• _Data listing_:
===============
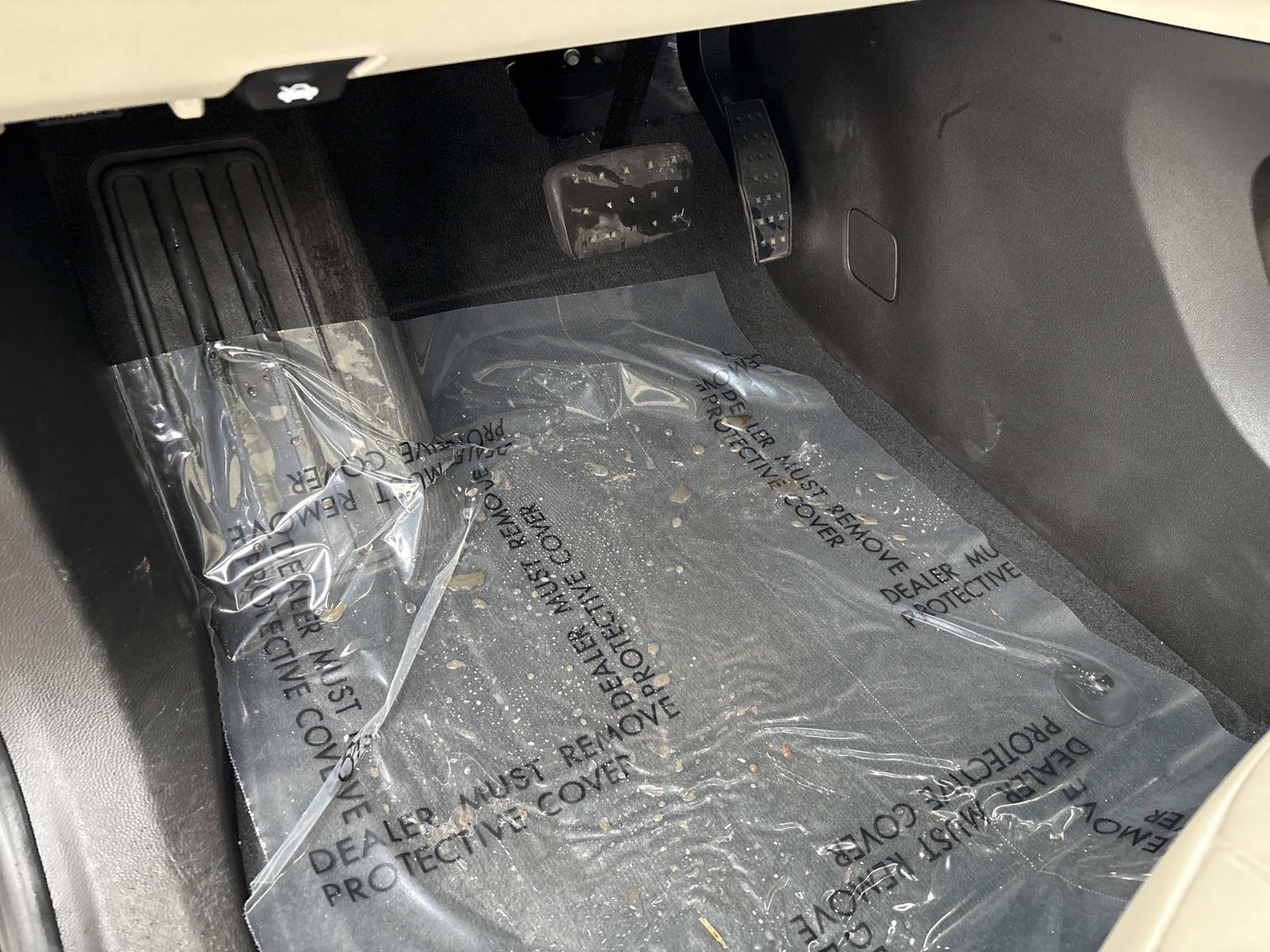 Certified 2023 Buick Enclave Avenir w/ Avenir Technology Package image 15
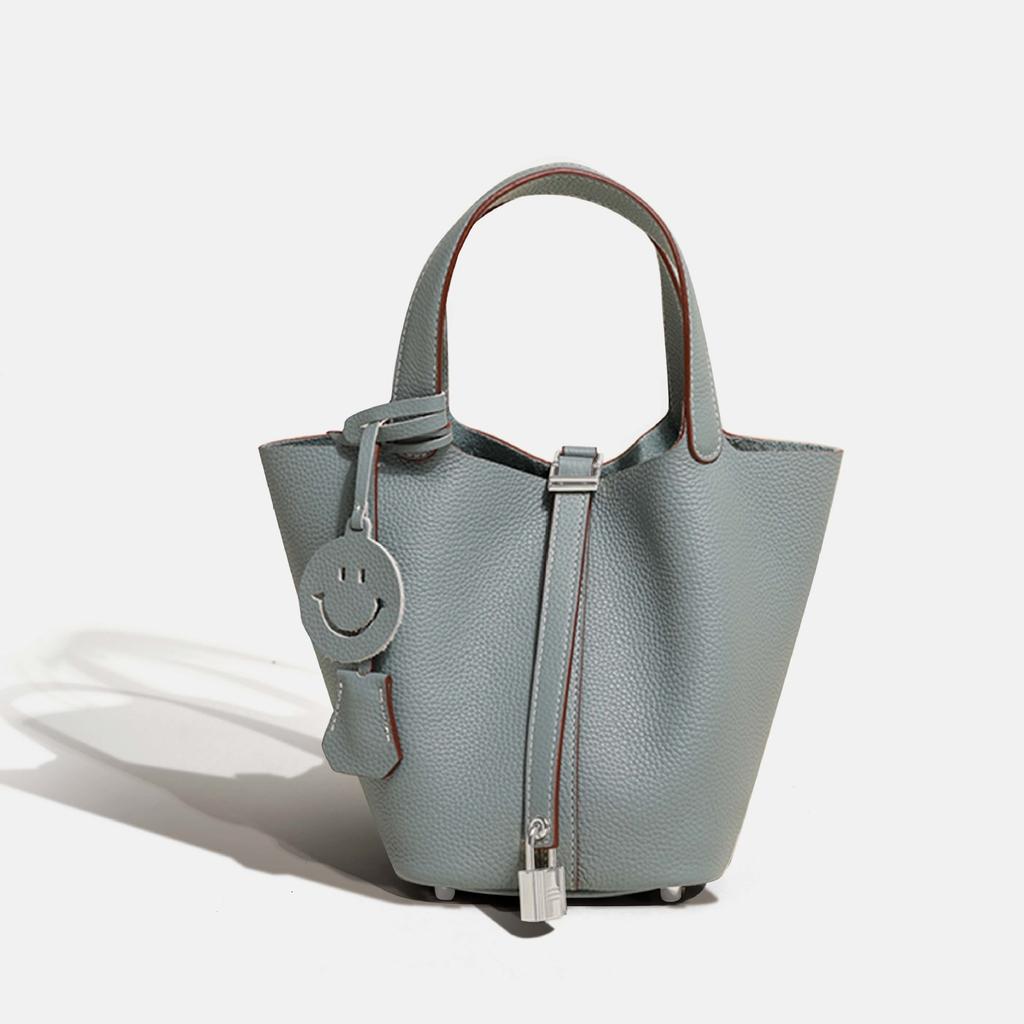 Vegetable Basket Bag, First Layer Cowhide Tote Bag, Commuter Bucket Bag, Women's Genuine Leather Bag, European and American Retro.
===============
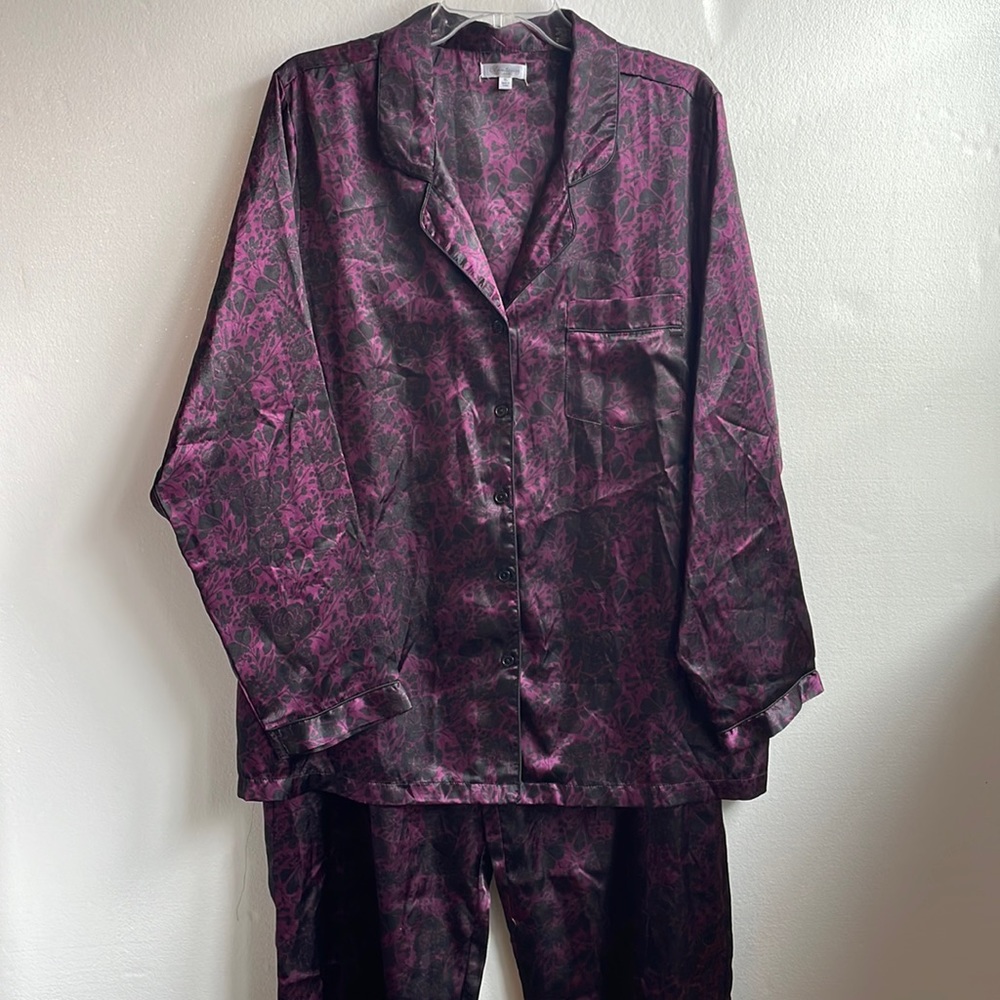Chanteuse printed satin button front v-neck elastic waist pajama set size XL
===============
• _Task statement_: Using the entries above, transcribe every line from the line containing "Certified 2023 Buick" through the line containing "Vegetable Basket Bag, First". Do not copy pictures.

• _Task response_:
 Certified 2023 Buick Enclave Avenir w/ Avenir Technology Package image 15
 Vegetable Basket Bag, First Layer Cowhide Tote Bag, Commuter Bucket Bag, Women's Genuine Leather Bag, European and American Retro.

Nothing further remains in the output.